O Governo apresentou, no passado dia 26 de Setembro, o Documento Verde da Reforma Administrativa Local.
Por acordo com a troika, em meados do próximo ano devem estar lançadas as bases desta reforma e publicada a legislação de suporte.
O jornal Gazeta do Interior, de C. Branco, traz esta semana artigo de fundo sobre o tema.
Algumas questões:- Confirmaram-se os meus receios: incentiva-se a fusão de municípios, mas a extinção de freguesias é a prioridade. Pudera, é nos concelhos e em volta das câmaras que gravitam as elites partidárias locais, no poder agora ou daqui a uns anos. Afrontá-las seria criar fracturas nos partidos, comprometendo apoios às direções nacionais!
- Na reforma administrativa que extinguiu o concelho de S. Vicente da Beira, em 1895, salvaram-se os concelhos minúsculos de Vila de Rei, Vila Velha de Ródão, Penamacor e Belmonte.

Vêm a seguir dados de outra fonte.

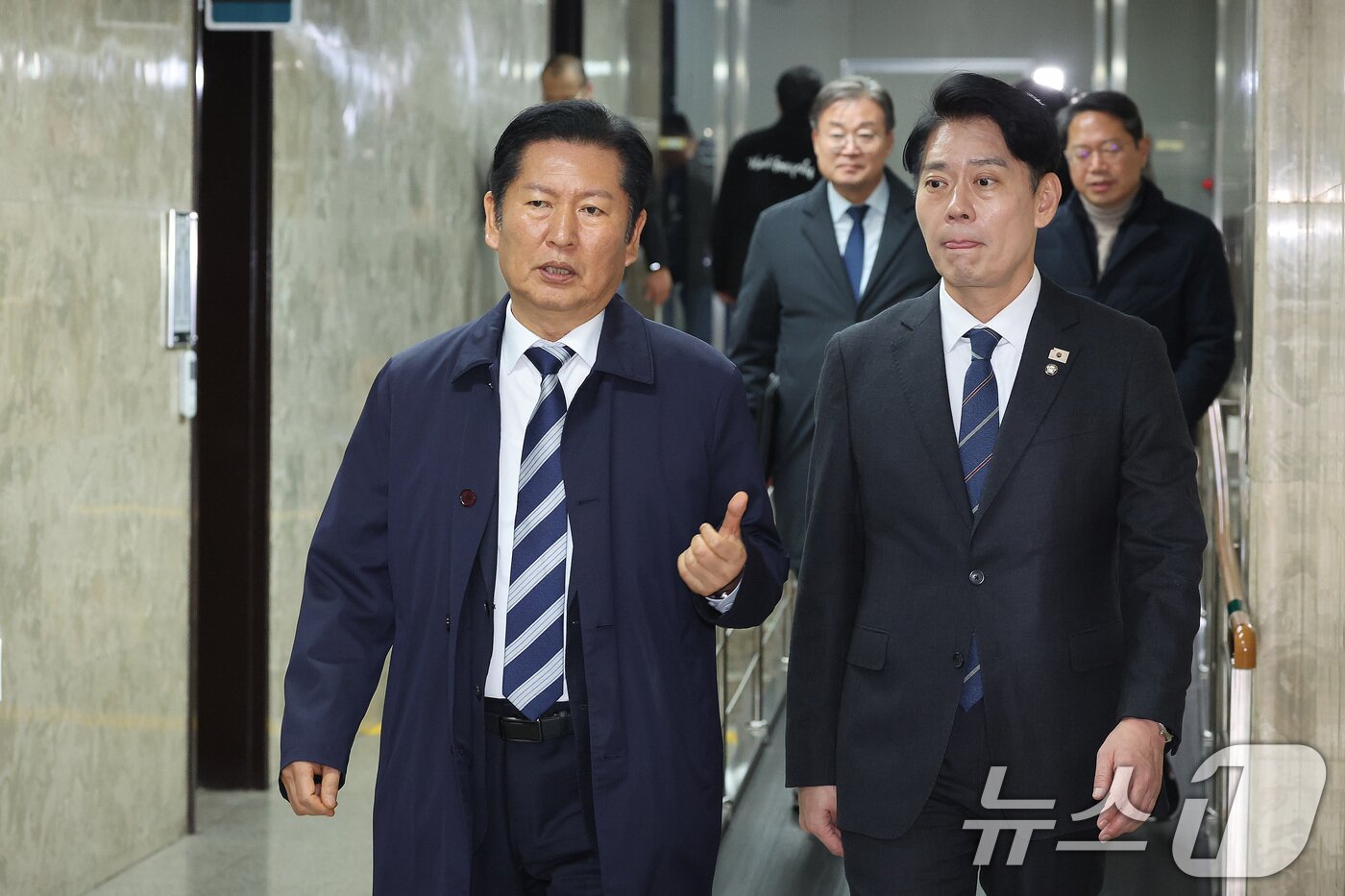 본문 이미지 - 정청래 더불어민주당 대표가 지난 1일 서울 여의도 국회에서 열린 의원총회에 참석하고 있다. 2026.3.1 ⓒ 뉴스1 신웅수 기자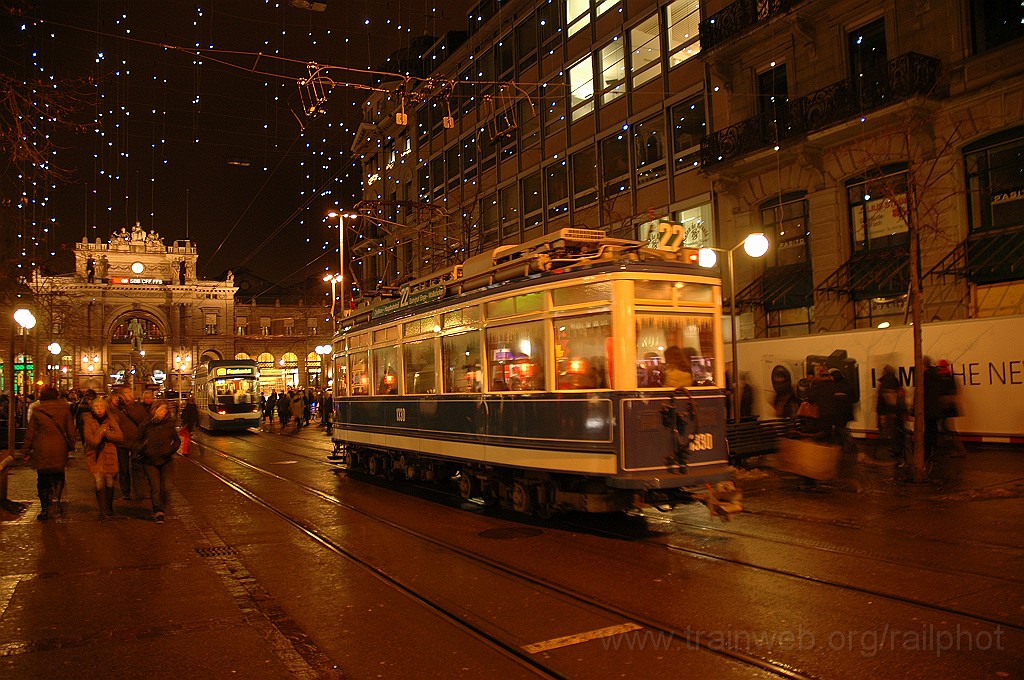 2286-0045-211211.jpg - TMZ/VBZ Ce 4/4 1330 / Bahnhofstrasse 21.12.2011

Alguns chegaram mesmo a ser extintos, mas restauraram-se de novo, só pelo de S. Vicente ninguém acudiu, como se lamentava Hipólito Raposo. Agora, cem anos depois, preparam-se para continuar a sobreviver. Pelo menos o de Vila de Rei não será tocado, pelo peso que tem dentro do partido do Governo.
- No artigo da Gazeta, vários autarcas da região defendem que, em vez de extinguir freguesias isoladas, a prioridade devia ser extinguir as freguesias das sedes dos concelhos, que não servem para nada, pois aí são as câmaras que fazem tudo. Nas sedes dos concelhos, apenas no século XIX foram criadas as Juntas da Paróquia, nos séculos anteriores eram as câmaras a cuidar dos assuntos das sedes concelhias. Sem esta medida e sem a extinção dos concelhos pequenos, não vejo onde se vá poupar alguma coisa, sendo esse o principal objectivo desta reforma.
- O critério será, segundo o documento, extinguir freguesias com menos de 500 habitantes. No nosso concelho, estão nesta situação o Sobral do Campo, Ninho do Açor, Freixial do Campo, Juncal do Campo, Cafede, Monforte da Beira e Mata. São Vicente da Beira, com 1261 habitantes (Censo de 2011), é a quarta freguesia mais populosa do concelho e também uma das maiores em área geográfica. A lei não a obrigará a alterações.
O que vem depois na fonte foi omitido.